NEWS

Students to protest School of Americas in GA

by Blake Rehberg

Approximately 90 students will leave today for Fort Benning in Georgia to participate in a protest designed to close the School Of Americas. Some students could face criminal charges for engaging in civil disobedience by trespassing on the Federal training facility.

The protest, coordinated nationally by SOA Watch, is in its 10th year. However, this year's protest has increased significance due to the growth in volume of protesters and its level of organization.

This will be the third year that Oberlin students have participated in the demonstration. Sophomore Jackie Downing and junior Laurel Paget-Seekins are coordinating the trip, sponsored jointly by The Oberlin Peace Activists League and La Alianza Latina. The National SOA Watch has asked Downing to be the student spokesperson at the protest; she will speak at a press conference on Saturday.

To generate more publicity this year the National SOA Watch hired a group to devise a media strategy. Part of that strategy was to hold a press conference with representatives from the major issue groups that participate in the protest. Students make up possibly the largest participating group. Labor groups, people of faith and Native Americans are also major participants.

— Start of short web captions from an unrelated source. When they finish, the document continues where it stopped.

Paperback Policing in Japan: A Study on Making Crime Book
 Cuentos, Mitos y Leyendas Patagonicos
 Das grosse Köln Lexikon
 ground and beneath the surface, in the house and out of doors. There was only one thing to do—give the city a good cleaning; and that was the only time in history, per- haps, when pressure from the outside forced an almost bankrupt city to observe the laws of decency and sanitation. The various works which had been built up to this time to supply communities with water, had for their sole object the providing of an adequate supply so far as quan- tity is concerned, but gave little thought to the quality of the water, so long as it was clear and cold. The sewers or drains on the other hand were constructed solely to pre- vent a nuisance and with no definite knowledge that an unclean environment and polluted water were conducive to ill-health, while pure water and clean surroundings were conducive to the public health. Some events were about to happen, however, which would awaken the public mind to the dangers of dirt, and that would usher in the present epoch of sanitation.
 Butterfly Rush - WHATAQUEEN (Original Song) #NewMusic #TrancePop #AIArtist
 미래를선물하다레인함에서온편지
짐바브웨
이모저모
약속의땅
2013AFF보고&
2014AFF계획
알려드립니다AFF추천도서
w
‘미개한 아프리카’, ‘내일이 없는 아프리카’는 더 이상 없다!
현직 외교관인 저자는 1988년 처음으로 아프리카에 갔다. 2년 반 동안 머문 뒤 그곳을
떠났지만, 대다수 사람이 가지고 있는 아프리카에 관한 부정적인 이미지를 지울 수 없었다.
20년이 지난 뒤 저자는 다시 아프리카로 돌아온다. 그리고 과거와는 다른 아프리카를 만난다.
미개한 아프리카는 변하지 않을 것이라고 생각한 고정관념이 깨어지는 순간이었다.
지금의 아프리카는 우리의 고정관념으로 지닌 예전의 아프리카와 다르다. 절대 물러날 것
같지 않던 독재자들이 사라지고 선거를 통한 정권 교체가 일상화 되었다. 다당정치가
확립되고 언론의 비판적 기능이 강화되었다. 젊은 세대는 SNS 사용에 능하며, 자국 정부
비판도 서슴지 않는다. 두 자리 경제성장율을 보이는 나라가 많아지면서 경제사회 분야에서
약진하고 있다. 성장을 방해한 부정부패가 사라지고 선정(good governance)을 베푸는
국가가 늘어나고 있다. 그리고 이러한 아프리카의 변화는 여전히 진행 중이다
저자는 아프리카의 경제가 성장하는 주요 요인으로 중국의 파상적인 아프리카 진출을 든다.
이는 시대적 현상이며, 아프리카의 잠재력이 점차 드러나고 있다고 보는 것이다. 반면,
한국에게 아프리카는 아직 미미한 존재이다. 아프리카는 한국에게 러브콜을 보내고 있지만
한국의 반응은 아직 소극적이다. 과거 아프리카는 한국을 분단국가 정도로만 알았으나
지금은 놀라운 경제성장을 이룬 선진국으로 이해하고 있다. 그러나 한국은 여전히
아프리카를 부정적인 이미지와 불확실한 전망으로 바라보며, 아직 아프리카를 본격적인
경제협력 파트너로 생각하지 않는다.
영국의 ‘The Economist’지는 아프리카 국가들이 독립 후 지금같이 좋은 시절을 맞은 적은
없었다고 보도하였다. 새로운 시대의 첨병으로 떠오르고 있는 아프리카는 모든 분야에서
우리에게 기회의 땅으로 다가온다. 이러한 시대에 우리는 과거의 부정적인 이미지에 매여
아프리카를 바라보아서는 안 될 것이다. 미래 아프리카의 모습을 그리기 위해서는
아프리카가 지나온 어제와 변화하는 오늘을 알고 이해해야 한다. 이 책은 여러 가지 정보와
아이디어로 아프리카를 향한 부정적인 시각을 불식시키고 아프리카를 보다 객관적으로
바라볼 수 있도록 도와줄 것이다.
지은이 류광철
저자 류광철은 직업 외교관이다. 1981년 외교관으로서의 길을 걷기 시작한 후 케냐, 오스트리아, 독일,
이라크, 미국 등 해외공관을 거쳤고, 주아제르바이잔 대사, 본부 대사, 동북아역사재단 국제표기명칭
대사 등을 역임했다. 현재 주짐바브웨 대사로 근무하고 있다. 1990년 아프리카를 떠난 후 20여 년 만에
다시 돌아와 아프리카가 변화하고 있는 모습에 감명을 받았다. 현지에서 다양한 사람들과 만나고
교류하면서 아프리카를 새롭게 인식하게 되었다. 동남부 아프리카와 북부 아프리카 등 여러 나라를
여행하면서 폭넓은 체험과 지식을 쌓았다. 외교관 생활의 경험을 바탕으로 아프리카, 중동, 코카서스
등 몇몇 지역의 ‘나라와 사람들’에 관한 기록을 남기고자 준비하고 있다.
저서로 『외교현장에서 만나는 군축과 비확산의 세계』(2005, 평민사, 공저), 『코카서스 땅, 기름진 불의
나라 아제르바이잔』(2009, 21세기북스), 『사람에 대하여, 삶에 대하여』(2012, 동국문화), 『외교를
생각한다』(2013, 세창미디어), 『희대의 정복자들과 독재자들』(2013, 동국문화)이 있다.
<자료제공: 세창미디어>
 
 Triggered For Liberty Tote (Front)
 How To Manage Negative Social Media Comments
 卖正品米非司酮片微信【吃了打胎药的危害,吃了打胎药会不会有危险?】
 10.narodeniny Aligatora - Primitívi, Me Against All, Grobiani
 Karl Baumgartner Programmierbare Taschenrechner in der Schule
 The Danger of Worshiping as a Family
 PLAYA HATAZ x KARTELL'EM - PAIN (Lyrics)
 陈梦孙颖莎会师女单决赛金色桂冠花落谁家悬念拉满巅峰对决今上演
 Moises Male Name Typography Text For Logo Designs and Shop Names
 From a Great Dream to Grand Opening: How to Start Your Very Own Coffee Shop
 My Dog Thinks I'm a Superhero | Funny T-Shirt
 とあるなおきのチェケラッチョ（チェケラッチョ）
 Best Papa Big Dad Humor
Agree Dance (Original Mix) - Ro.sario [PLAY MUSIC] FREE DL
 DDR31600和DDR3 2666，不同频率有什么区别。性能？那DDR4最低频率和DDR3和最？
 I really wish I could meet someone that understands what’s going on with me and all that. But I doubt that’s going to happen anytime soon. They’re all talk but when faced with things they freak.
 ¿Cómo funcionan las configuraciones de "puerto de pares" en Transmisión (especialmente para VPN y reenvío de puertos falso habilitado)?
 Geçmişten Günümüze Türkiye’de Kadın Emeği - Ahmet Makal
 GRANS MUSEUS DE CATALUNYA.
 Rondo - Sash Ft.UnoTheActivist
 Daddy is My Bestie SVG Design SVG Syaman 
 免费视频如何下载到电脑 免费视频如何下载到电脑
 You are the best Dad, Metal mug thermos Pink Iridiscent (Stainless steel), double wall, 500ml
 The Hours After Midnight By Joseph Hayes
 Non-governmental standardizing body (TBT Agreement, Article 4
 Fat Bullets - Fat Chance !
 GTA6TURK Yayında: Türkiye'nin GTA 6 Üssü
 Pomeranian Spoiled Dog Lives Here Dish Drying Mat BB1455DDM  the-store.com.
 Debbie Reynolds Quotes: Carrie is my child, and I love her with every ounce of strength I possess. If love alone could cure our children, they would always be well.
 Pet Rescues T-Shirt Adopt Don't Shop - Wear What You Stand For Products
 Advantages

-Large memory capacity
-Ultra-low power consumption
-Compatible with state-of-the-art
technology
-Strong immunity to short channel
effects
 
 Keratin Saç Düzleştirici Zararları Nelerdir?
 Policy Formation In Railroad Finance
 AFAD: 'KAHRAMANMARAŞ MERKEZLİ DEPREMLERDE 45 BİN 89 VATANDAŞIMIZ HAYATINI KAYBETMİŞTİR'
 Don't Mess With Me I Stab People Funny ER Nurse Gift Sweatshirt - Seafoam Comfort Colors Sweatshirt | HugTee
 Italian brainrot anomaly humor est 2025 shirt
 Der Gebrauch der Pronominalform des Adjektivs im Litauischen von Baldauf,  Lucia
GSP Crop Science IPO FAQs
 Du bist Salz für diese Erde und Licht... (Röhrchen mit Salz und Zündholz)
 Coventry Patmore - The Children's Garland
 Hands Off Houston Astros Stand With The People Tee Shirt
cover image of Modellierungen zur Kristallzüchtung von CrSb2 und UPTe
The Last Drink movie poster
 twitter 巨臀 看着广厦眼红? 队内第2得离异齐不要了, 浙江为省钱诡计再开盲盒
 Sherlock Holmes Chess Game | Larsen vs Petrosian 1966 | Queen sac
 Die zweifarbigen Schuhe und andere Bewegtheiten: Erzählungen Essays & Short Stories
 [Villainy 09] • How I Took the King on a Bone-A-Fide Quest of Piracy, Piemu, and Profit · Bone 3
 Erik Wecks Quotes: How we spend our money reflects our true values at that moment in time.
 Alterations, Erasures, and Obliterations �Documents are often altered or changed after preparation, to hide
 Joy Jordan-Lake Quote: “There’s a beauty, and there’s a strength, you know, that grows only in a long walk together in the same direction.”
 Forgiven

When Downing and Paget-Seekins attended a National SOA Watch planning meeting last February, they met the national coordinators. "Since they know me, they've asked me to be the student spokesperson," said Downing. "I guess they have a little confidence in me."

This year 10,000 protesters are expected to be present, and about 5,000 are expected to actually cross onto the base to make their statement. The sheer number of protesters committing the federal offense confuses the issue of arrest. Usually violators would receive a ban and bar letter on their first offense and six months in federal prison for their second offense.

Last year when 2,300 people crossed onto the base, they were simply removed from the premises and no legal action was taken. Since almost twice as many are expected to cross this year, no one knows what the outcome will be.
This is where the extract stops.